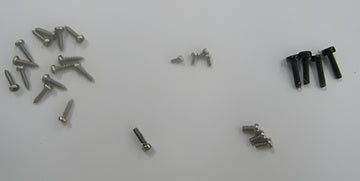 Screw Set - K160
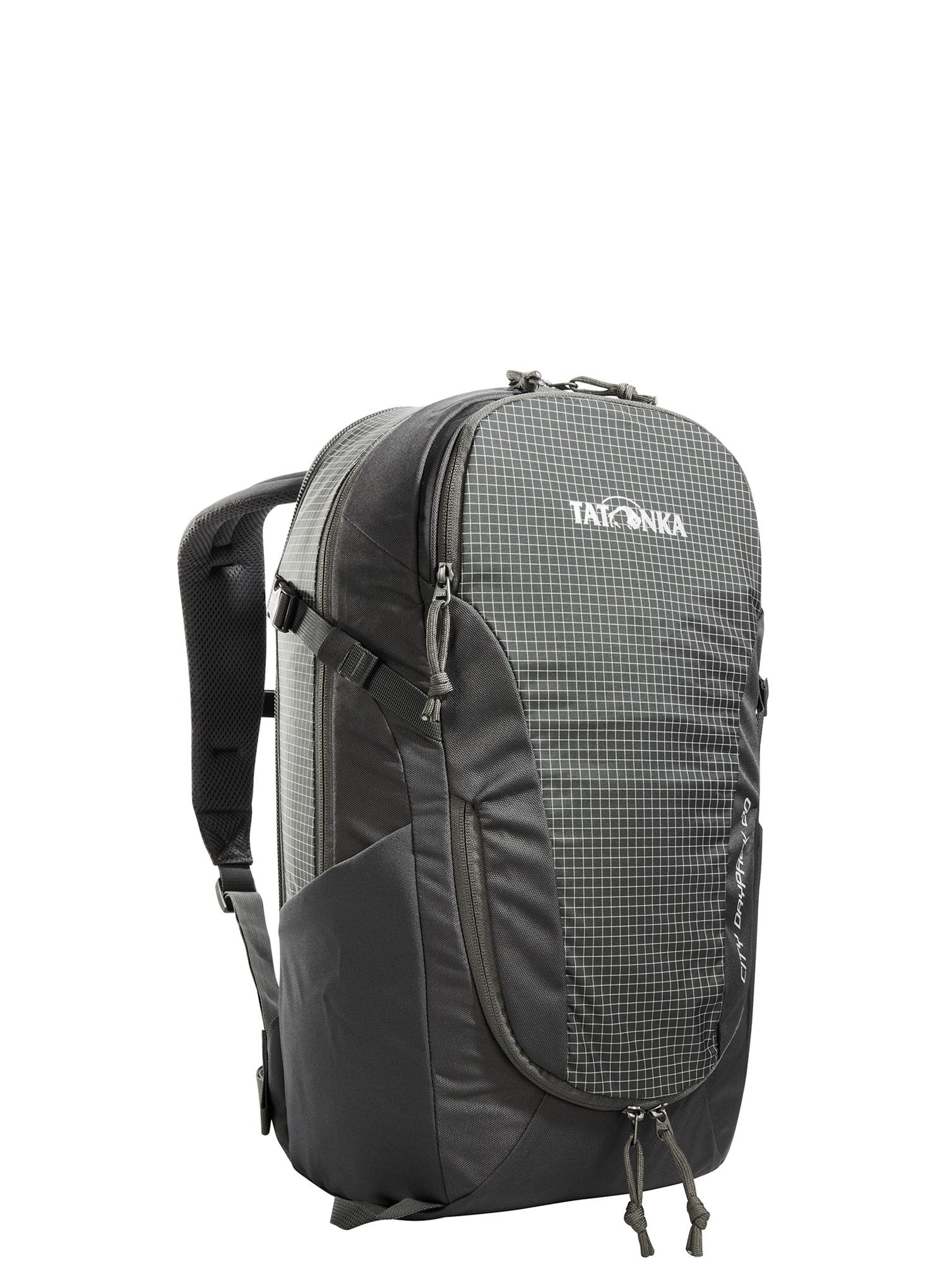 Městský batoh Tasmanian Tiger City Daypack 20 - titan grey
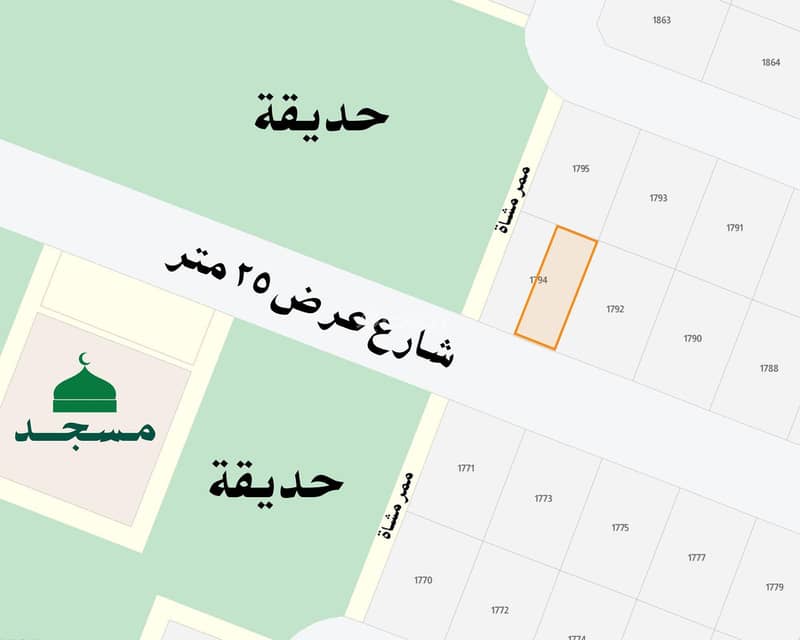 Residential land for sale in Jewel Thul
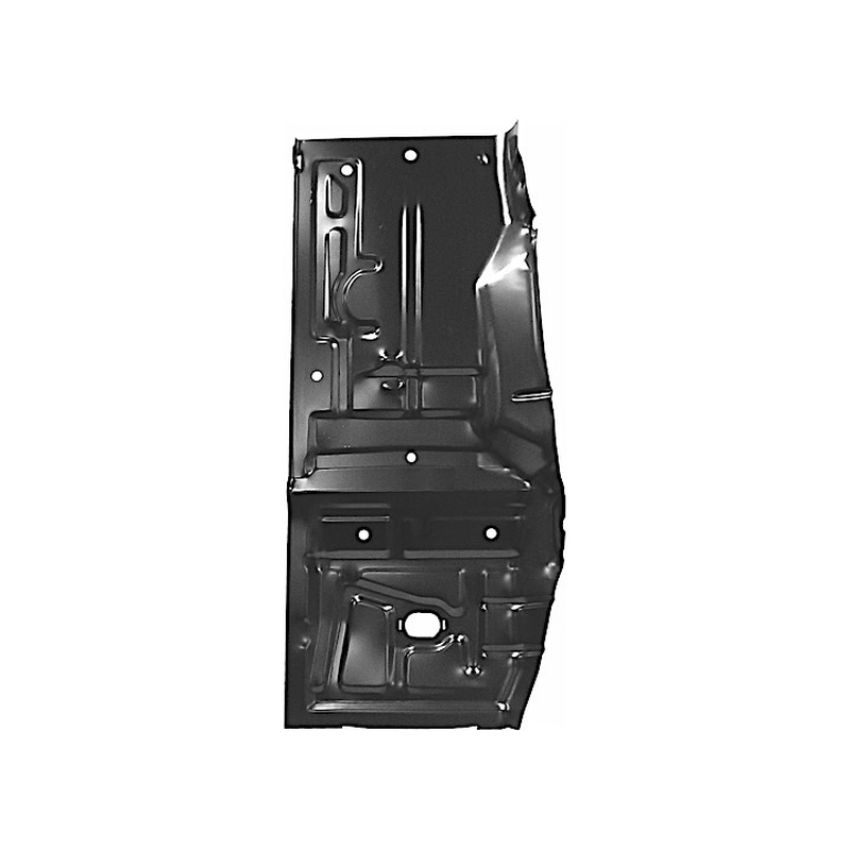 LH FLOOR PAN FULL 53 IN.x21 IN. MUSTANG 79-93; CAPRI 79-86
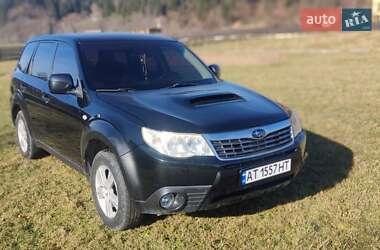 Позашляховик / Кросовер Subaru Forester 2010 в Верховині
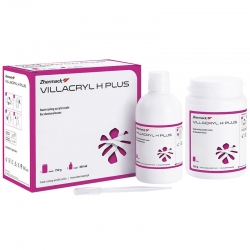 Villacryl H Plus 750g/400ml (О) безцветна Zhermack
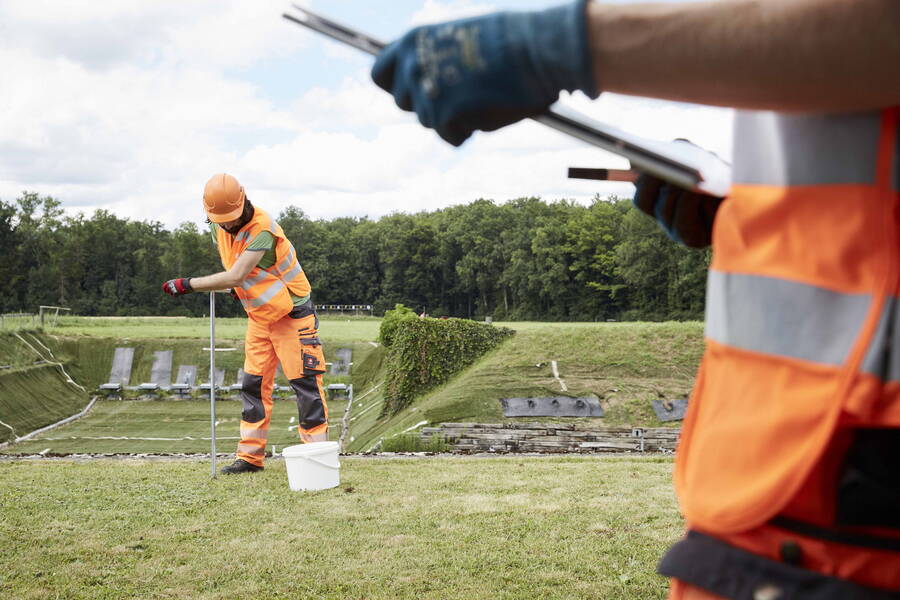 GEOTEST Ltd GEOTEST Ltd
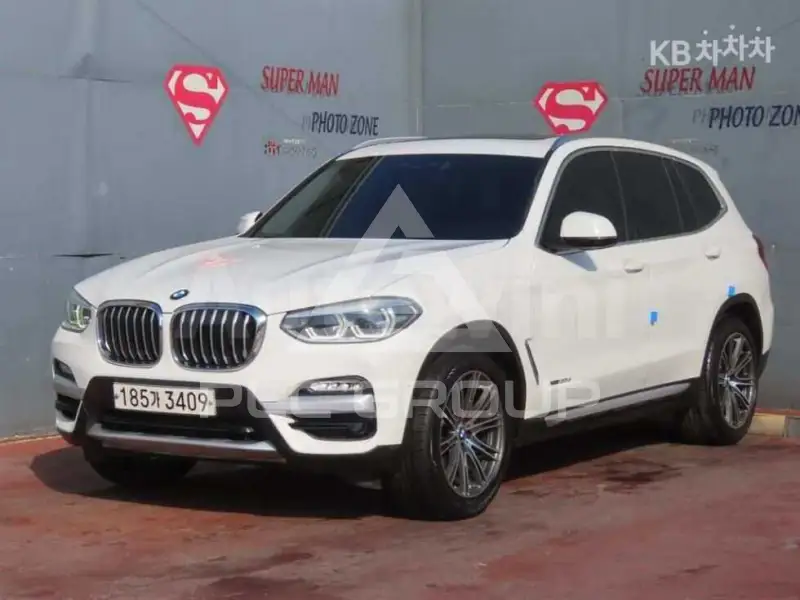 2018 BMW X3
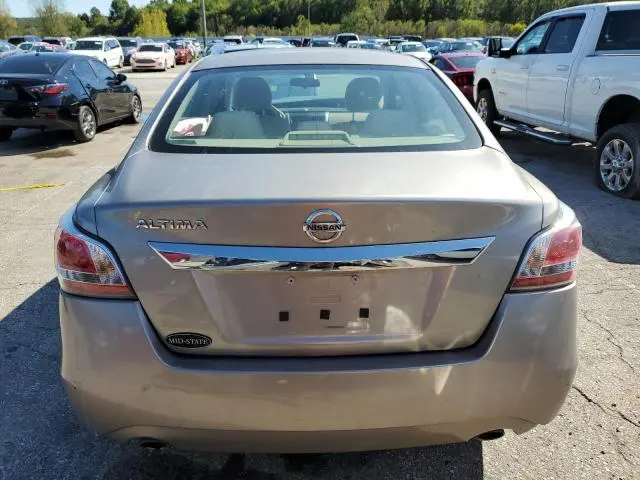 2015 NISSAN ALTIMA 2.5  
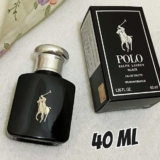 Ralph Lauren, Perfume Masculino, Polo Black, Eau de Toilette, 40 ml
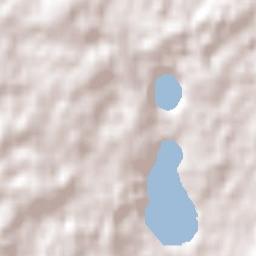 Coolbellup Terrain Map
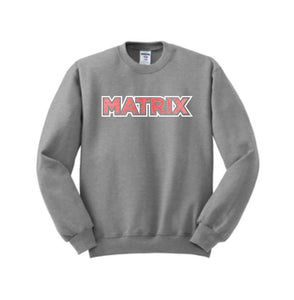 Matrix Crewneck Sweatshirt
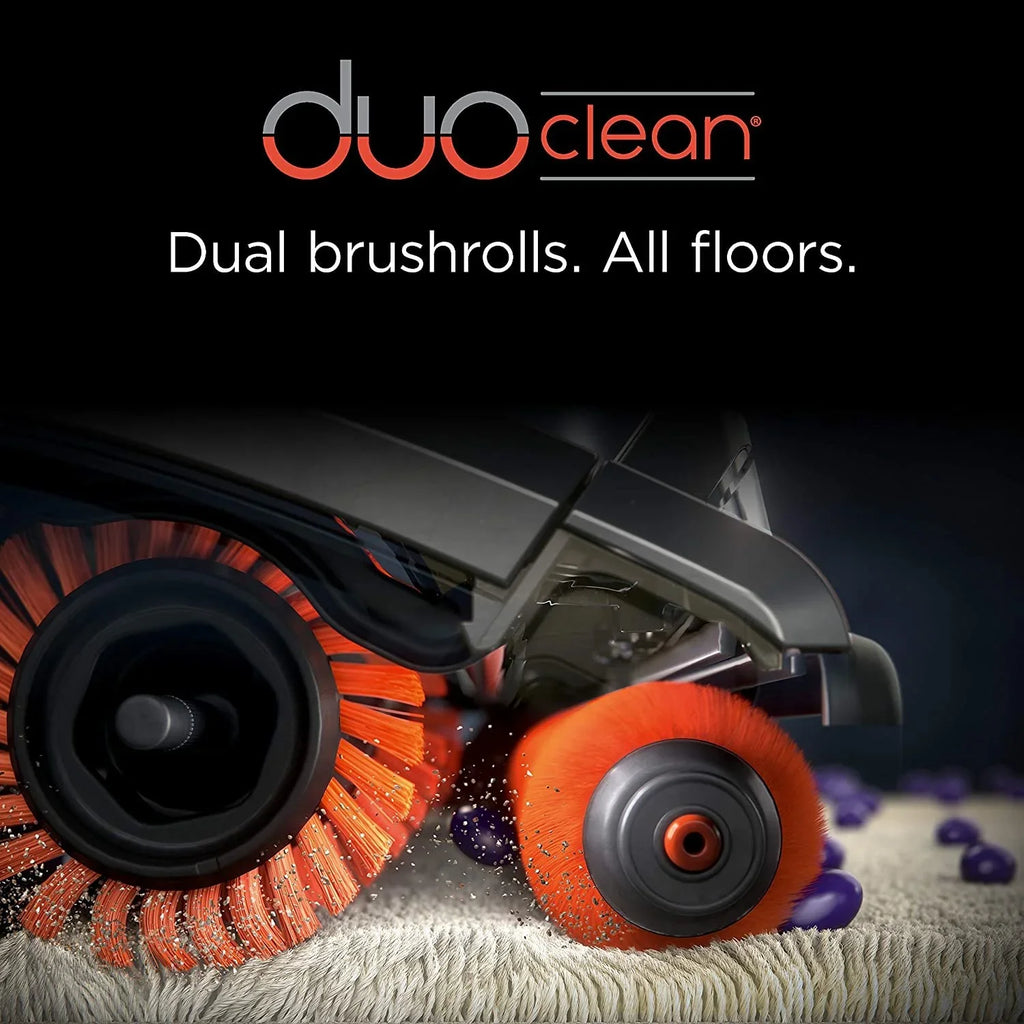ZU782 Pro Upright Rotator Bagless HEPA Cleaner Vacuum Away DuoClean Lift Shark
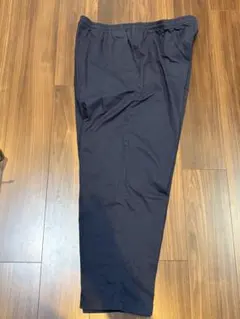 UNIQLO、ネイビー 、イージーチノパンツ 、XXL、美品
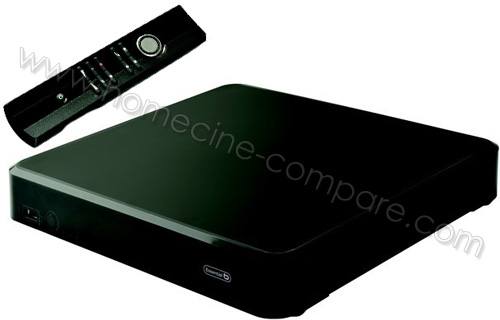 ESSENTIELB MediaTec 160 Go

══════

**Assignment**
Please copy exactly the lines from the one containing "2018 BMW X3" through the end of the records above, leaving out every picture.

**Response for this exercise**
 2018 BMW X3
 2015 NISSAN ALTIMA 2.5  
 Ralph Lauren, Perfume Masculino, Polo Black, Eau de Toilette, 40 ml
 Coolbellup Terrain Map
 Matrix Crewneck Sweatshirt
ZU782 Pro Upright Rotator Bagless HEPA Cleaner Vacuum Away DuoClean Lift Shark
 UNIQLO、ネイビー 、イージーチノパンツ 、XXL、美品
 ESSENTIELB MediaTec 160 Go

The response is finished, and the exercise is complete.